Our visits were never long, and I’ll admit, returning to Long Xuyen was occasionally a challenge after those few brief hours in Technicolor. When weighing my options for my second year in Vietnam, I said at one point, “Well… if nothing else is different, at least I’ll be able to get pizza.” While my consideration of making the move to Can Tho was affected, at least slightly, by the wider array of creature comforts it offered.

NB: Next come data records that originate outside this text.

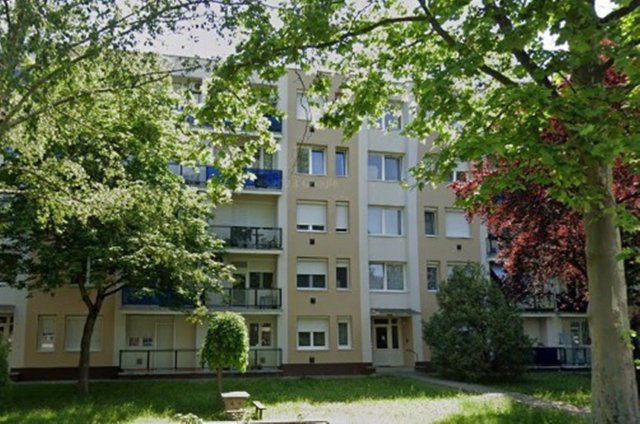 Eladó téglalakás, Szigetszentmiklóson 37 M Ft, 2 szobás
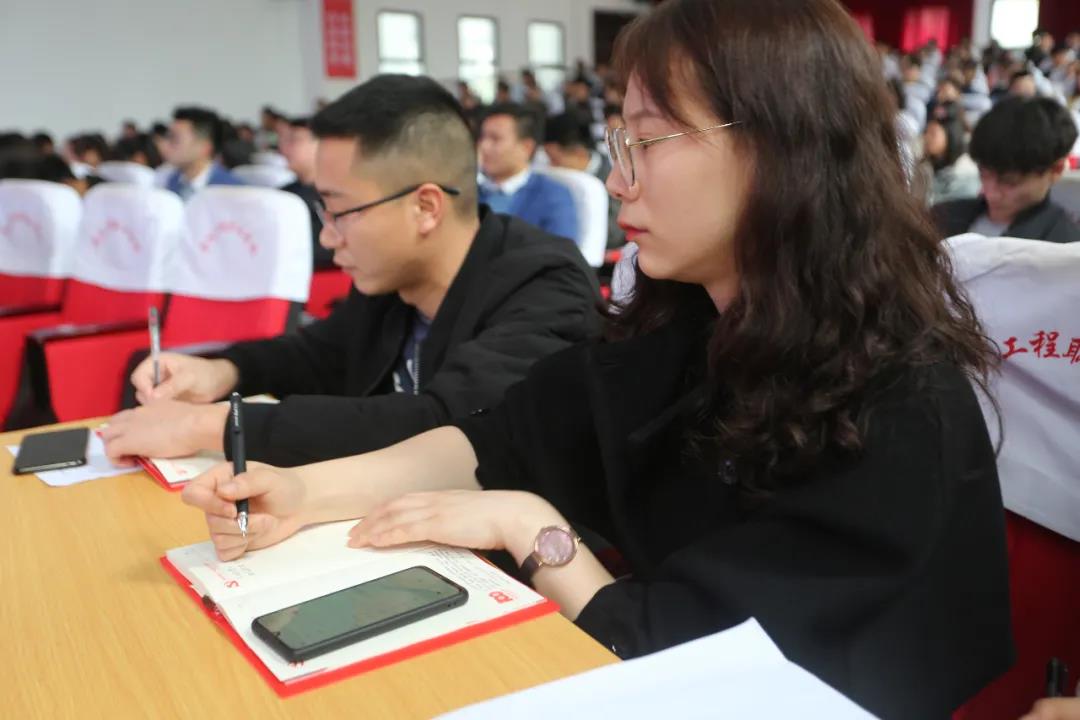 【党史学习教育】中国作家协会会员、德江县作家协会主席张贤春到我校开展党史学习教育专题讲座(图4) 【党史学习教育】中国作家协会会员、德江县作家协会主席张贤春到我校开展党史学习教育专题讲座(图4)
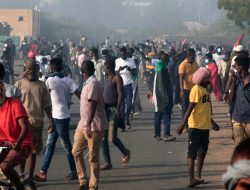 Sedikitnya 3 Orang Tewas dalam Demonstrasi pasca Mundurnya PM Sudan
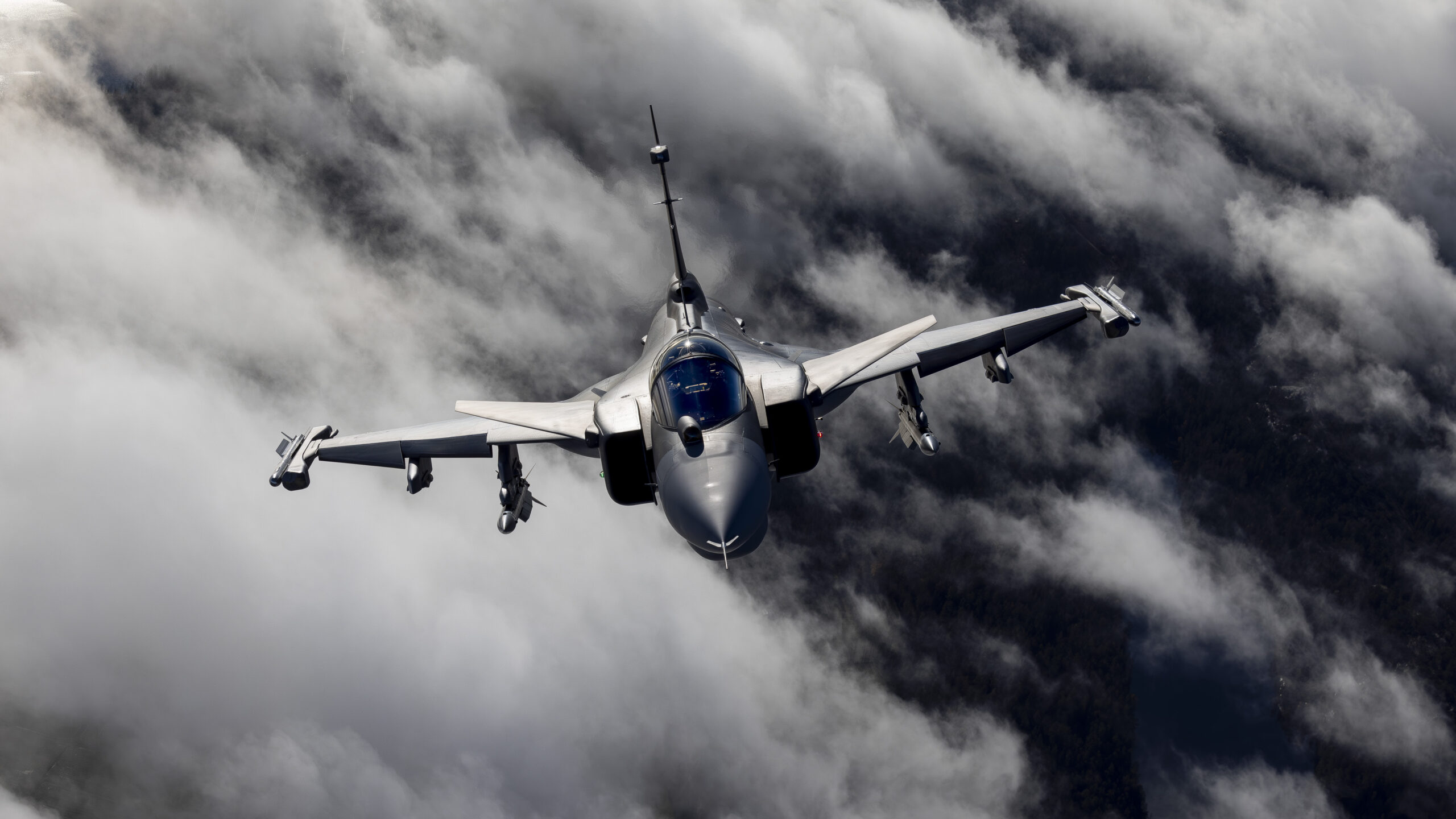 Colombia ने Saab से 17 Gripen E/F फाइटर जेट्स के लिए €3.1 बिलियन का समझौता किया — ऐतिहासिक रक्षा सौदा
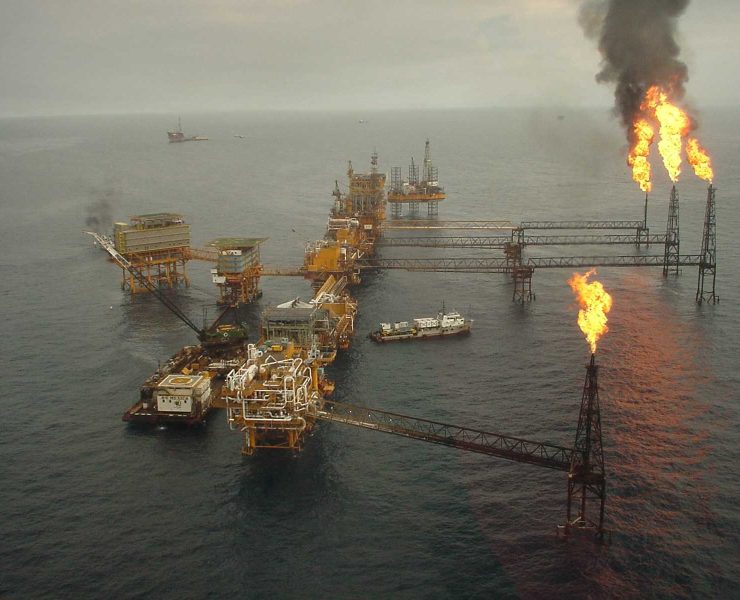 Petroleros trabajan con alto riesgo en plataformas deterioradas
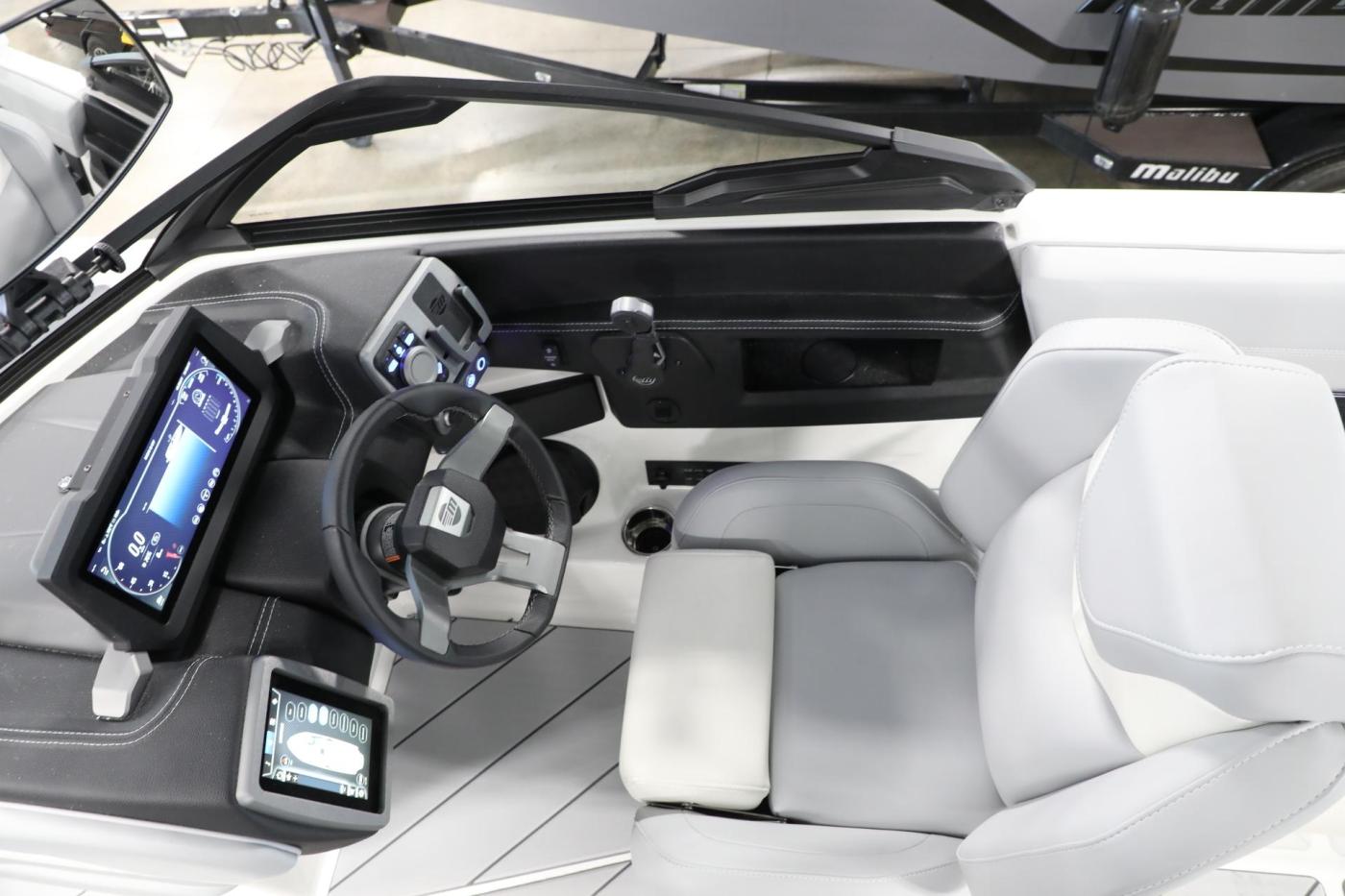 2024 Malibu 26 LSV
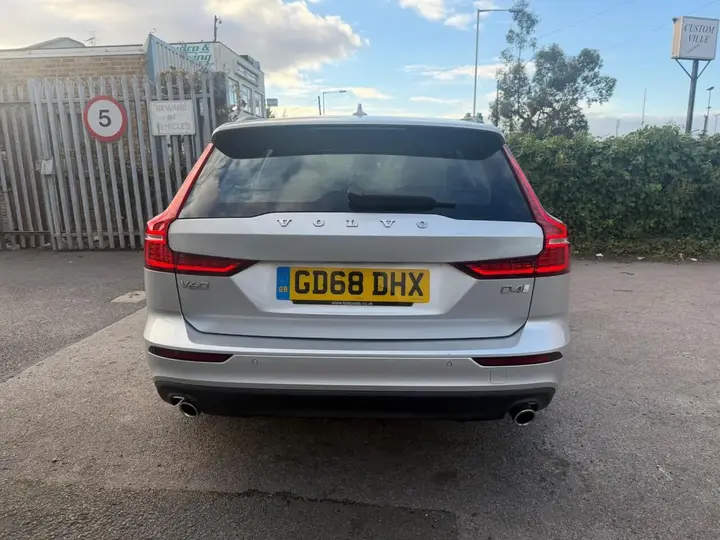 Volvo V60 2019 photo 5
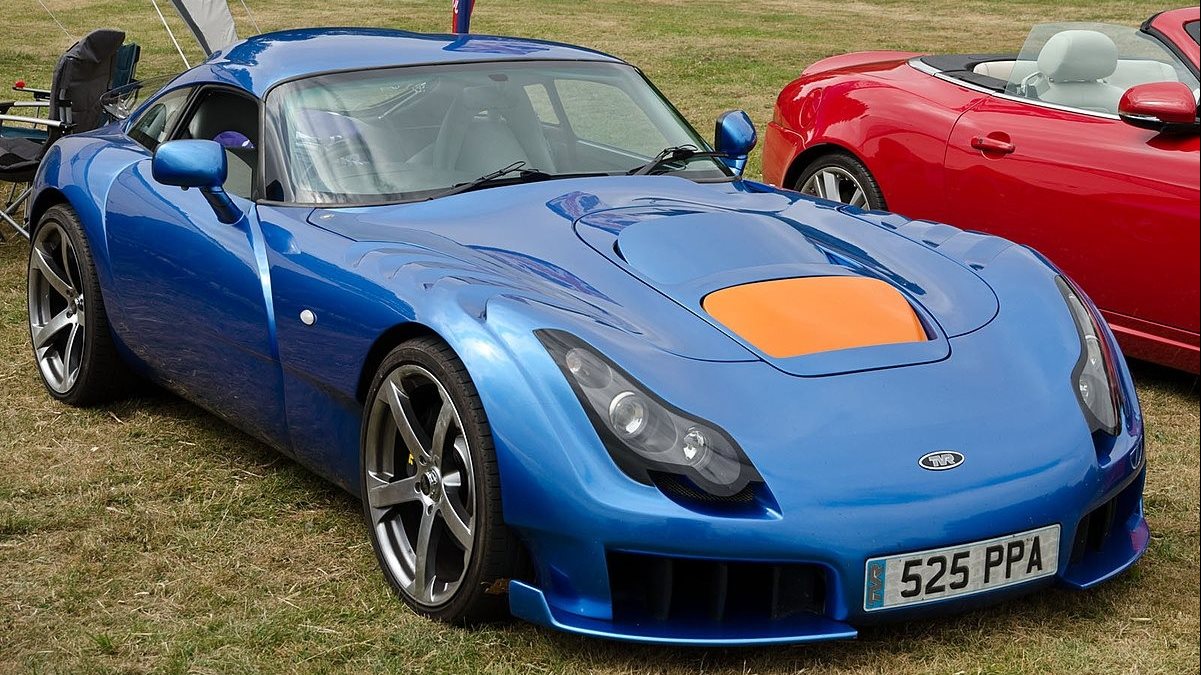 سيارة TVR ساجاريس البريطانية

Flash forward five months: The Emerald City is now home. I’ve left the dusty, sepia-tones of small city life in Vietnam. It’s bigger, louder, disorienting, and more crowded. It’s no longer a novelty to see another Westerner walk down the street and people don’t stop and stare at me as much as they did last year. But life in the big city is not the glorious OZ that I anticipated. Physical discomfort aside for now, I think the main difference is that it is lonelier. Like city living in general, the volunteers occupy self-contained units, rather than the more communal nature of An Giang University. Whereas we would pass each other in the hall last year, I have been in Can Tho three weeks and have yet to meet my next-door neighbors. The bloom is off the rose, and as the harsher realities of city life become more evident, the familiar smallness feels all the more appealing to this weary traveler. The Emerald City is indeed bigger and more crowded but it also feels more isolated and quite lonely to this country cousin who longs for sepia-toned familiarity rather than the technical excitement she once craved.
There’s a certain irony in the reversal from last year to this. Now, instead of looking forward to weekends full of Western food and shopping in Can Tho, I take every opportunity to escape the lonely isolation of Can Tho for the warm-sepia toned embrace of friends, old and new in Long Xuyen. And as the transit van deposits me at Tinh Hoa, where my dear Joan waits with open arms (and air-conditioning) I once again echo Dorothy’s words and exclaim, “There’s no place like home!”